TASK DESCRIPTION → Every record below must be written out exactly. Leave out the pictures.
SOURCE DATA Start Marker
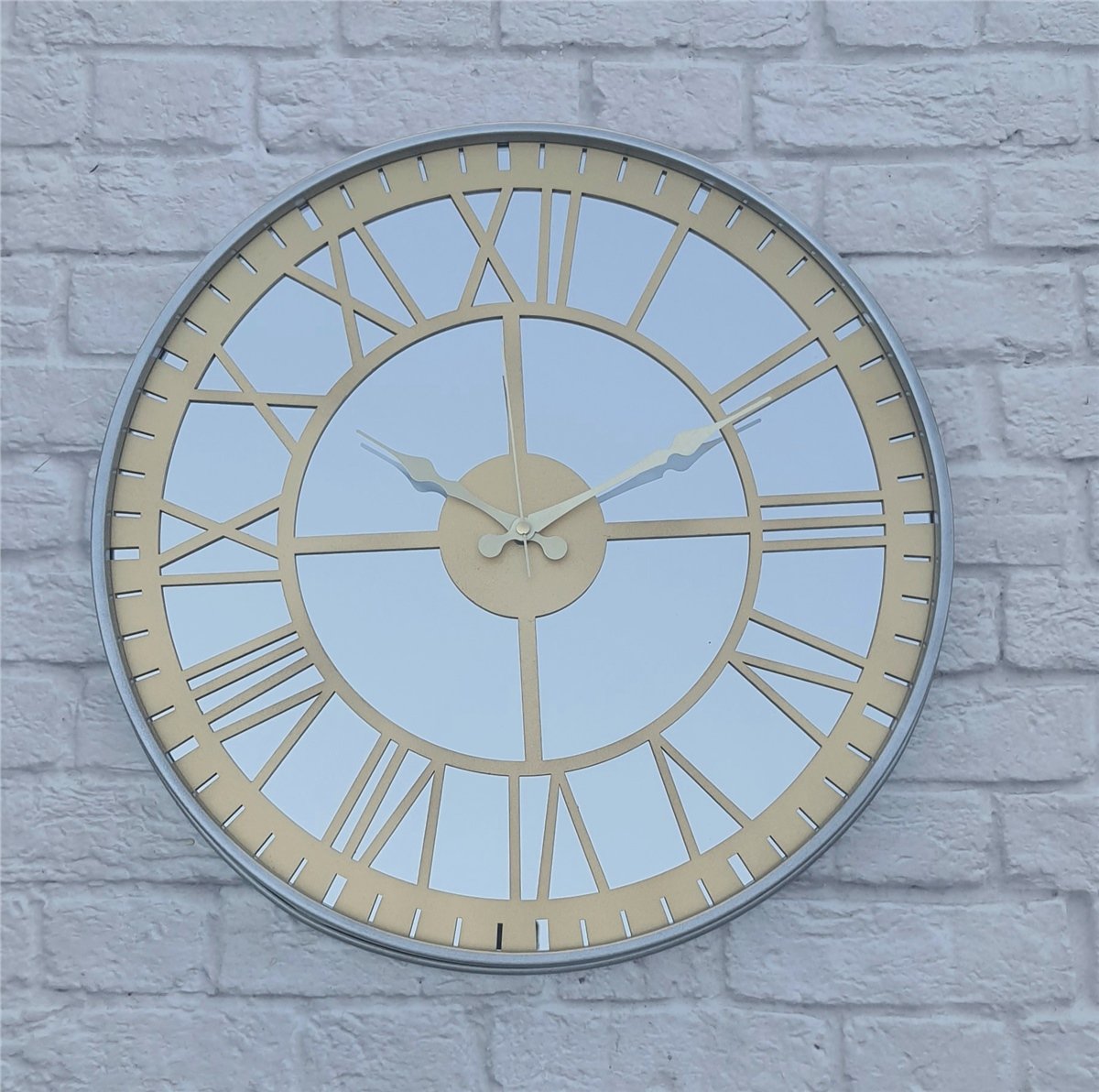 Markakanvas Metalik Gri Renkli Metal Kasalı Aynalı Duvar Saati Çap 40 cm - Çap 50 cm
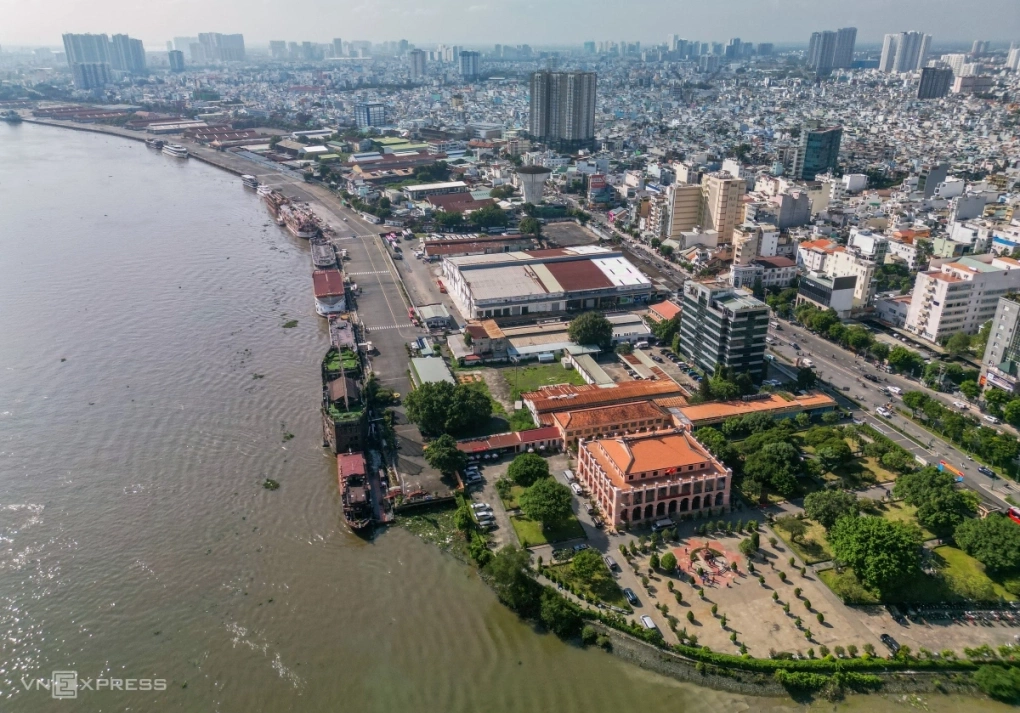 Khu vực cảng Nhà Rồng - Khánh Hội nằm dọc sông Sài Gòn sẽ được chỉnh trang, xây công viên, dành một phần diện tích để mở rộng đường Nguyễn Tất Thành cạnh bên. Ảnh: Quỳnh Trần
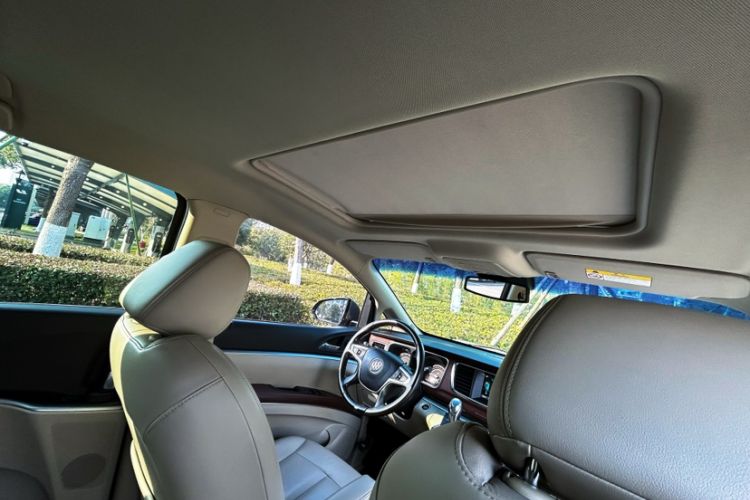 Used Buick GL8 2018 28T Luxury Model China VI Standard
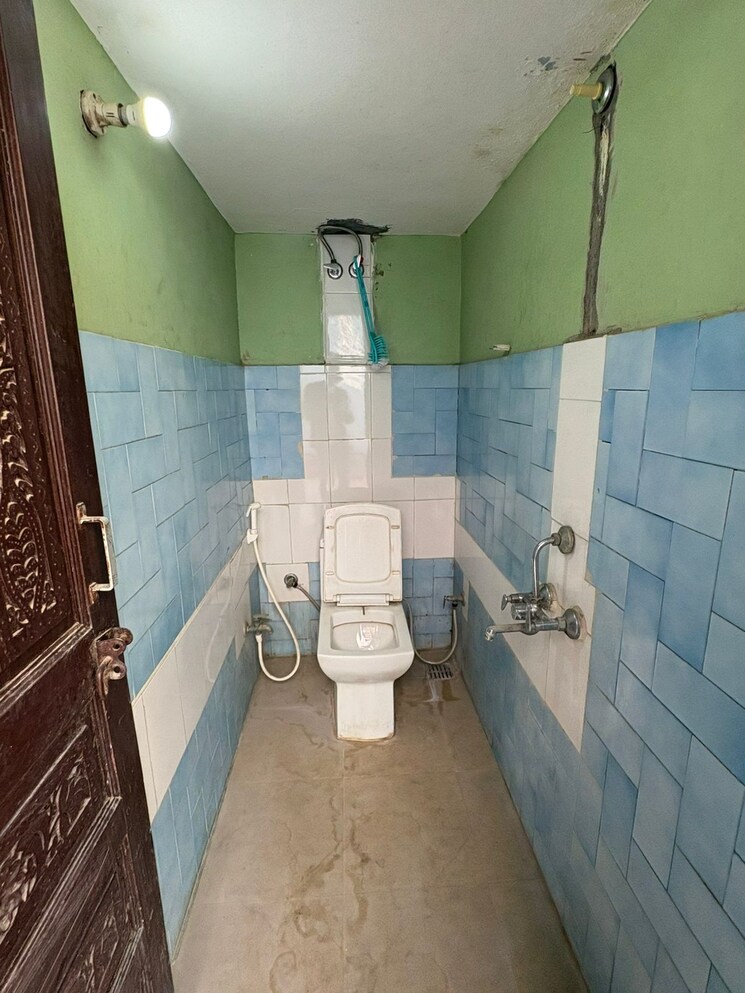 Bathroom, saket 1 Bedroom 450 Sq.Ft. Builder Floor In Saket Delhi 9517224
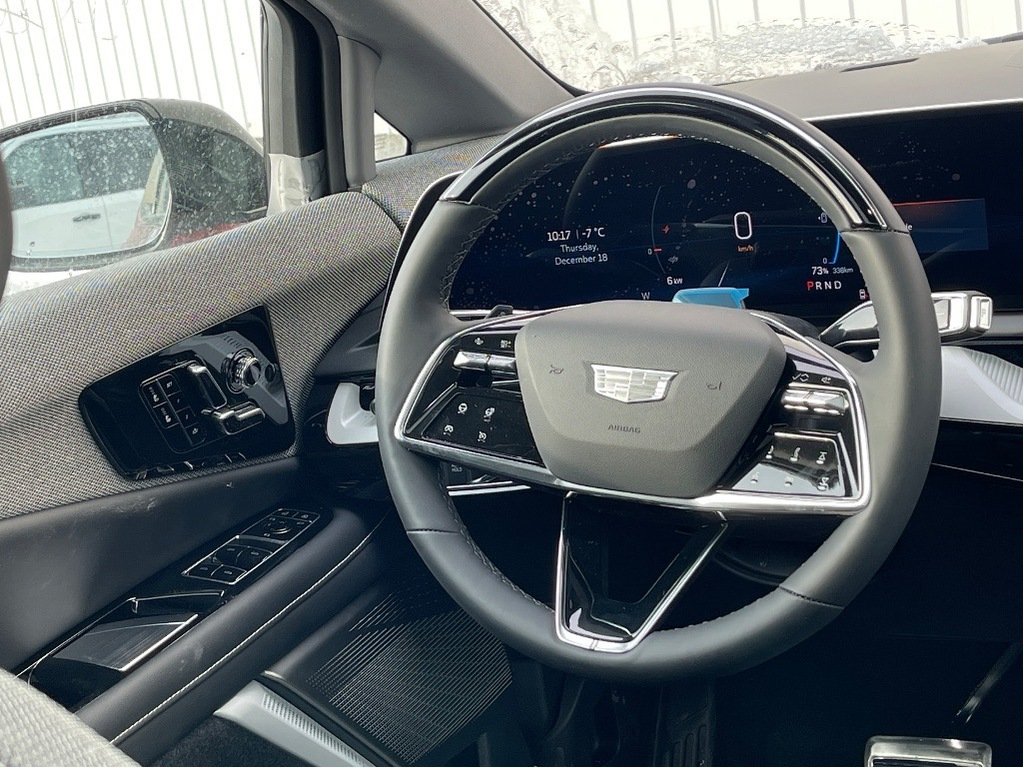 2026 Cadillac OPTIQ in Joliette, Quebec - 14 - w1024h768px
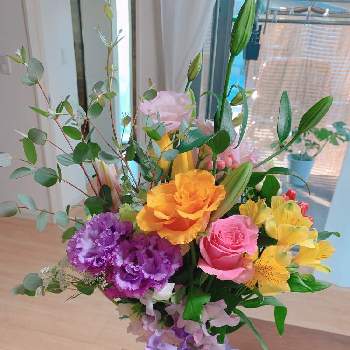 フラワーベース♡の画像 by sachicoco1001さん | 部屋とありがとう♡とフラワーベース♡とピンクのバラ♡と花瓶とユーカリ♡と町のお花屋さんとお花のある生活とお花好きとお花好きの人と繋がりたいと紫の花と切り花と朝活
SOURCE DATA End Marker
ANSWER →
 Markakanvas Metalik Gri Renkli Metal Kasalı Aynalı Duvar Saati Çap 40 cm - Çap 50 cm
 Khu vực cảng Nhà Rồng - Khánh Hội nằm dọc sông Sài Gòn sẽ được chỉnh trang, xây công viên, dành một phần diện tích để mở rộng đường Nguyễn Tất Thành cạnh bên. Ảnh: Quỳnh Trần
 Used Buick GL8 2018 28T Luxury Model China VI Standard
 Bathroom, saket 1 Bedroom 450 Sq.Ft. Builder Floor In Saket Delhi 9517224
 2026 Cadillac OPTIQ in Joliette, Quebec - 14 - w1024h768px
 フラワーベース♡の画像 by sachicoco1001さん | 部屋とありがとう♡とフラワーベース♡とピンクのバラ♡と花瓶とユーカリ♡と町のお花屋さんとお花のある生活とお花好きとお花好きの人と繋がりたいと紫の花と切り花と朝活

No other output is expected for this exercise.